PROBLEM STATEMENT
Exactly and only the lines below from the one containing "Image result for Structure Fire Simulator" down to the one containing "19262 Monterey Street, Apple" are wanted, both included; please exclude every picture.
%%
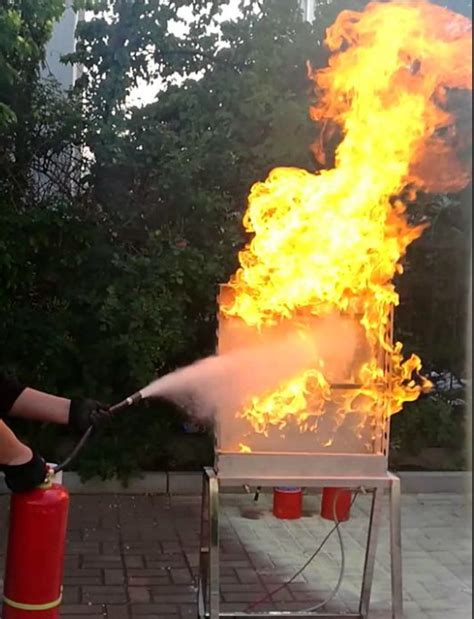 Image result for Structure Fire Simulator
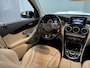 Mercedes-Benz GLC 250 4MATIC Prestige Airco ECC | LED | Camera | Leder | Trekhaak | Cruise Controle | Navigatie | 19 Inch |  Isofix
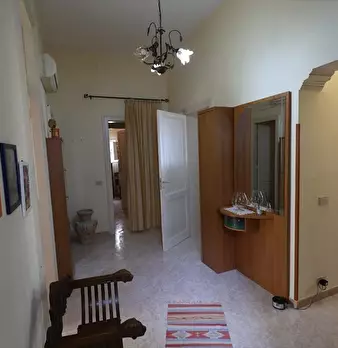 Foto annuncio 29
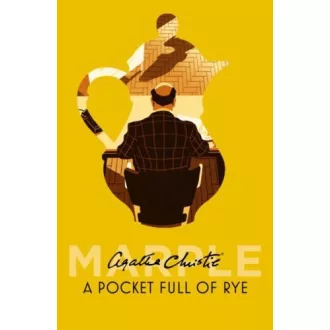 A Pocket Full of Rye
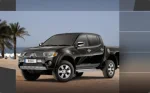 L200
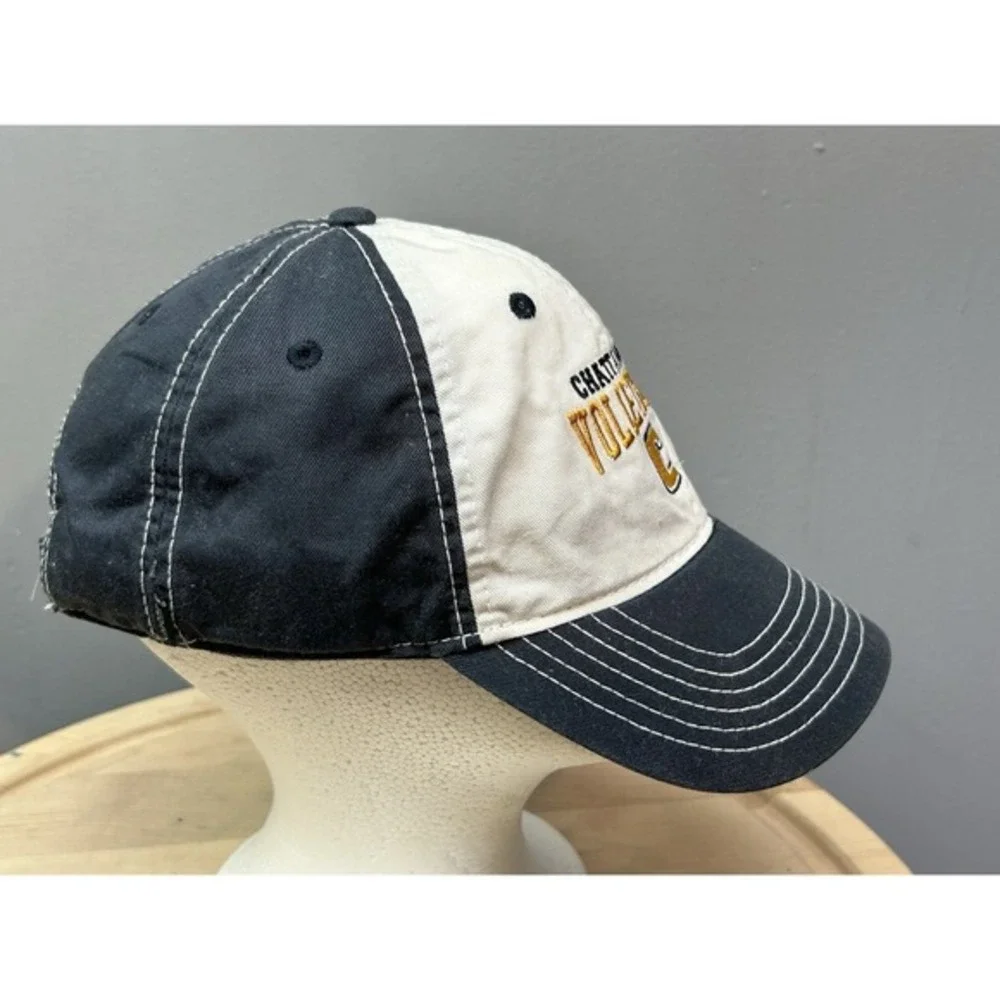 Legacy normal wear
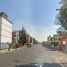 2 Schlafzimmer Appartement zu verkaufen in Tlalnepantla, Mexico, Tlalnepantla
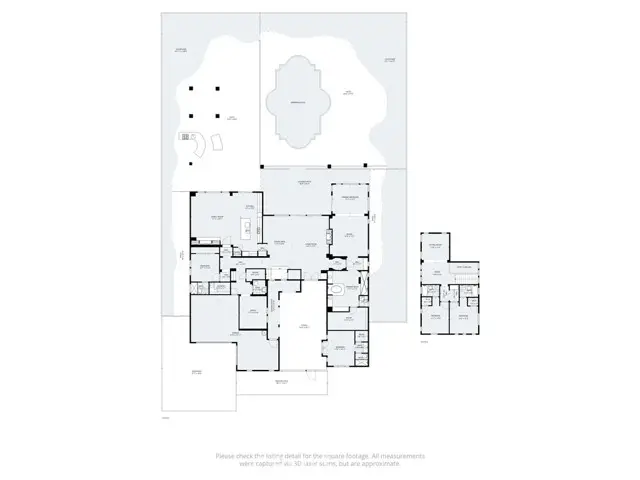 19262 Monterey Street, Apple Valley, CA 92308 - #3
%%
%%
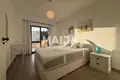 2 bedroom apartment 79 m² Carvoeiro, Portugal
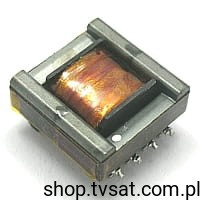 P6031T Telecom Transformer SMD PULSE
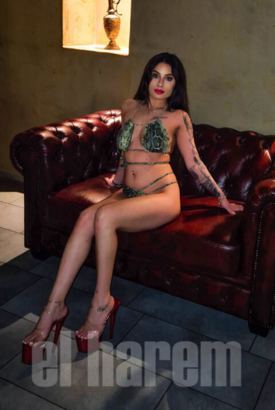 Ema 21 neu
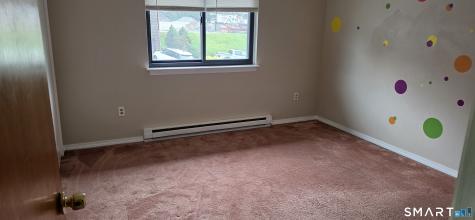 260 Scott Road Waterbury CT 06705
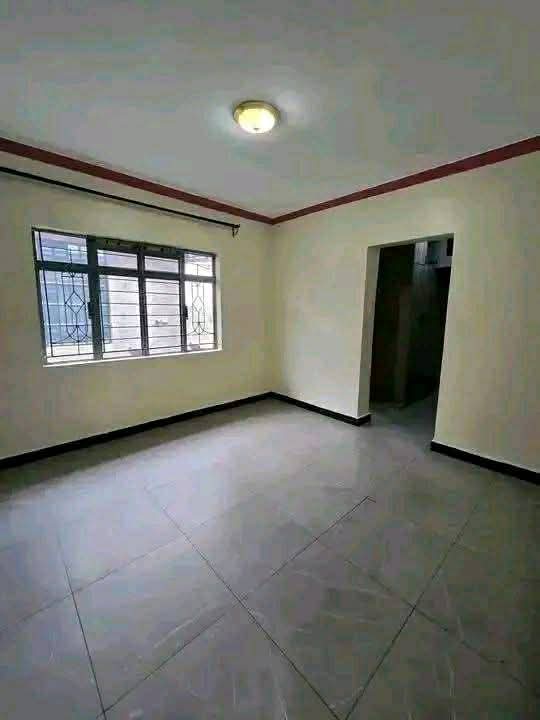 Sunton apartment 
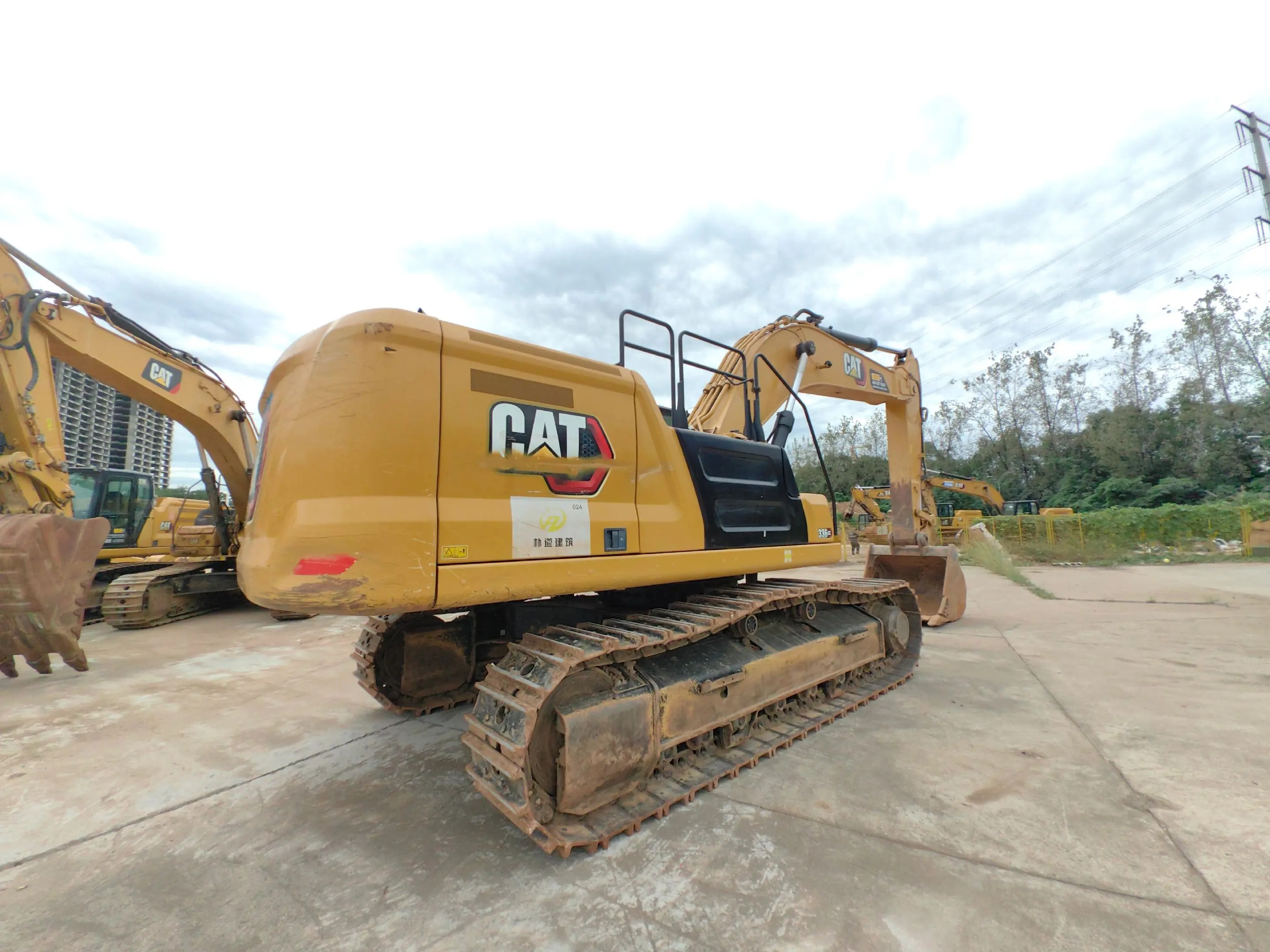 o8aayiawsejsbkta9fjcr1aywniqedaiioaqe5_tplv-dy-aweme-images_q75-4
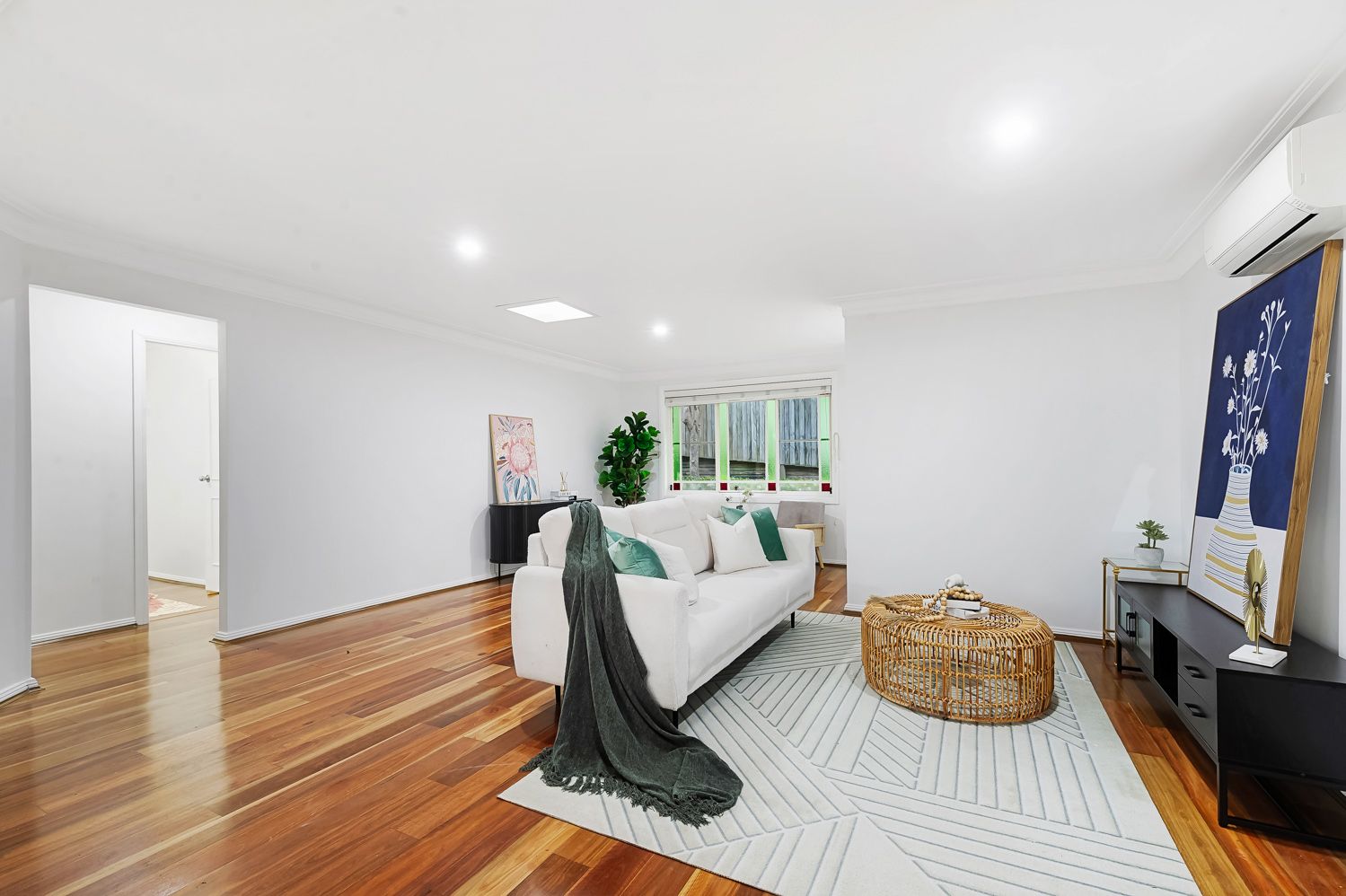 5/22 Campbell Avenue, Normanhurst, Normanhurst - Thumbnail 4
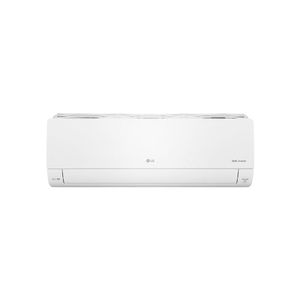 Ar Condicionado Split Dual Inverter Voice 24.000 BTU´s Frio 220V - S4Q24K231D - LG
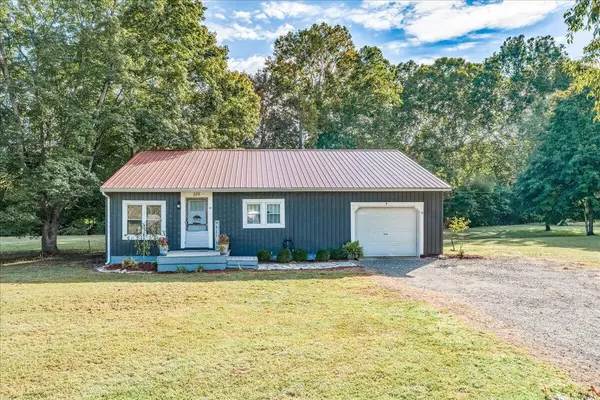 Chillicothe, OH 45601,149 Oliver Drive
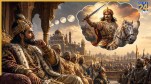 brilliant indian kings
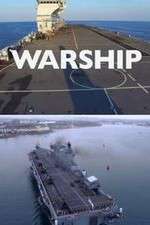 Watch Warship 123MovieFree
%%
WRITTEN REPLY
 Image result for Structure Fire Simulator
 Mercedes-Benz GLC 250 4MATIC Prestige Airco ECC | LED | Camera | Leder | Trekhaak | Cruise Controle | Navigatie | 19 Inch |  Isofix
 Foto annuncio 29
 A Pocket Full of Rye
 L200
 Legacy normal wear
 2 Schlafzimmer Appartement zu verkaufen in Tlalnepantla, Mexico, Tlalnepantla
 19262 Monterey Street, Apple Valley, CA 92308 - #3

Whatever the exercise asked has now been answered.